1 July 2010
Clone Archaeology - What do we know about Clones and their Evolution?
Meeting Room 10, 2nd Floor, JLB
12:30pm - 13:45pm
Dr Jens Krinke - Kings College London
Cloning is widespread in today's software systems where automated assistance is required to locate cloned (or duplicated) code. There have been assumptions like clones should be eliminated or refactored whenever possible but studies have meanwhile shown that this is not always the case. This talk will present the result of some studies on the evolution of software clones. The results show that cloned code is more stable than code that has not been cloned and if cloned code is changed, only half of the time the clones are changed consistently. Almost all previous studies have not distinguished the original code from the copied code because the distinction is not possible without the history of a clone. If such history is available, for example in version control systems, an automatic classification can distinguish the original from the copy for the majority of the larger clones.
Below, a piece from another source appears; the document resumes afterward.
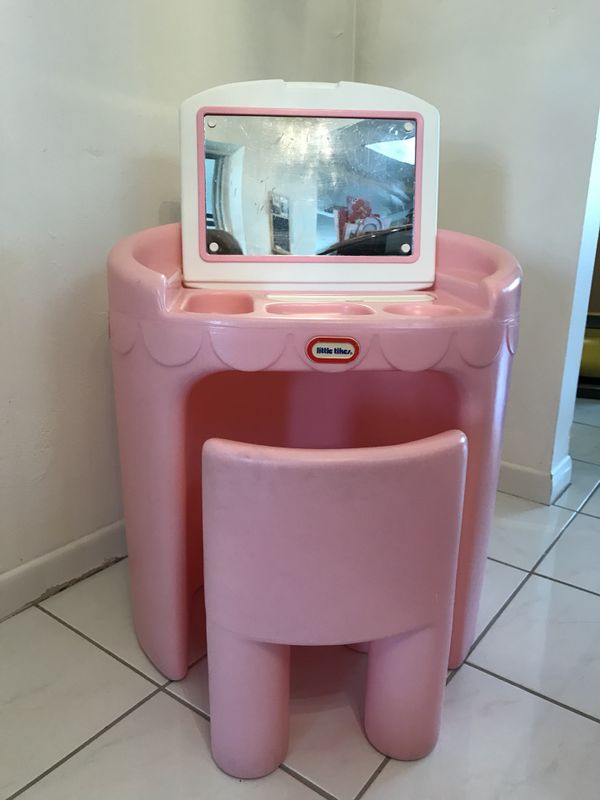 Little Tikes Vanity High Chair And Crib Changing Table Baby Little Tikes Vanity High Chair And Crib Changing Table Baby Kids In Pompano Beach Fl Offerup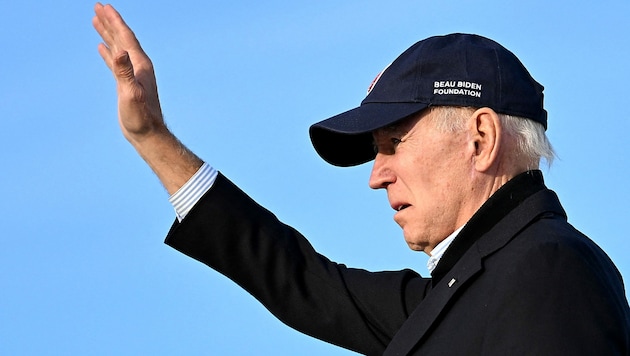 US-Präsident Joe Biden versichert weiterhin, in der Dokumenten-Causa „voll und ganz“ zu kooperieren und sieht weiterhin keine Schuld bei sich. (Bild: APA/AFP/ANDREW CABALLERO-REYNOLDS)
Jens Krinke is lecturer in the Department of Computer Science, King's College London and Deputy Director of CREST - the Centre for Research on Evolution, Search and Testing. His research topics include program analysis for software engineering purposes, in particular for bug detection, taint analysis and information flow control. Currently, he also works on Clone Detection and Code Provenance.
Before, he was assistant professor for software technology at the FernUniversitaet in Hagen, Germany, where he worked on aspect mining and e-learning applications for distant teaching of software engineering. He received his PhD from the University of Passau with work on program slicing for sequential and concurrent programs.